Blue Ridge, Hickam AFB Demonstrate Joint Fires Network Capabilities

27 January 2003

By JOC David Nagle, Naval Sea Systems Command Public Affairs

WASHINGTON -- The capabilities of components of the Joint Fires Network (JFN) were put through their paces during a recent exercise in the U.S. Pacific Command area of responsibility.

The Seventh Fleet flagship USS Blue Ridge (LCC 19) conducted a time critical strike event during Exercise Terminal Fury with the Joint Air Operations Center (JAOC) at Hickam Air Force Base in Hawaii, using the Joint Fires Network's (JFN's) Tactical Exploitation System-Navy (TES-N) and the Air Force's Intelligence, Surveillance and Reconnaissance Manager (ISRM).

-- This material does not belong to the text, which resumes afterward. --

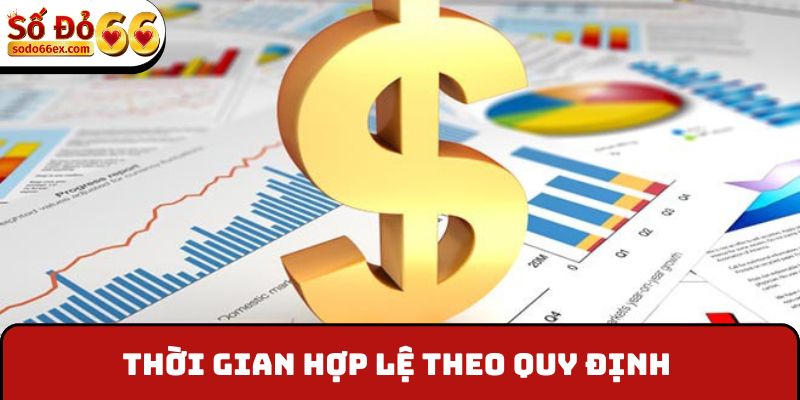 Thời gian hợp lệ theo quy định trong chương trình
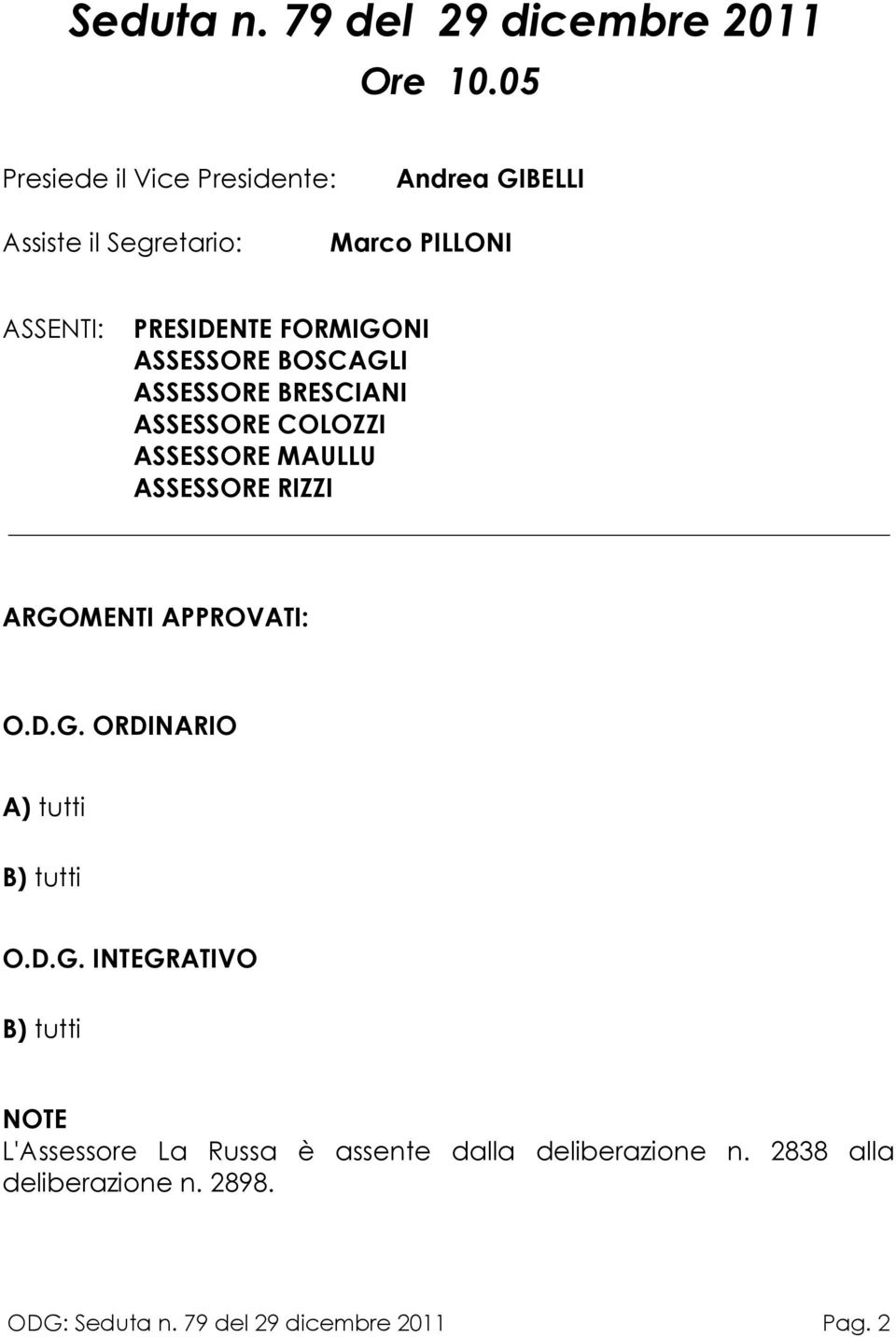 ASSESSORE BOSCAGLI ASSESSORE BRESCIANI ASSESSORE COLOZZI ASSESSORE MAULLU ASSESSORE RIZZI ARGOMENTI APPROVATI: O.D.G. ORDINARIO A) tutti B) tutti O.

JFN is a transformational network-centric warfare family of systems, developed through a partnership among Naval Sea Systems Command, Program Executive Office for Integrated Warfare Systems, Naval Air Systems Command and Space and Naval Warfare Systems Command. JFN provides near real time intelligence correlation, sensor control and planning, target generation, precise target coordinates, moving target tracks, and battle damage assessment capabilities to support more timely engagement of time critical targets. This capability allows a ship with the full JFN suite to share a greatly improved battlespace picture very quickly with other ships in the area of operations, and with Army, Air Force and Marine sites using their services' versions of the TES.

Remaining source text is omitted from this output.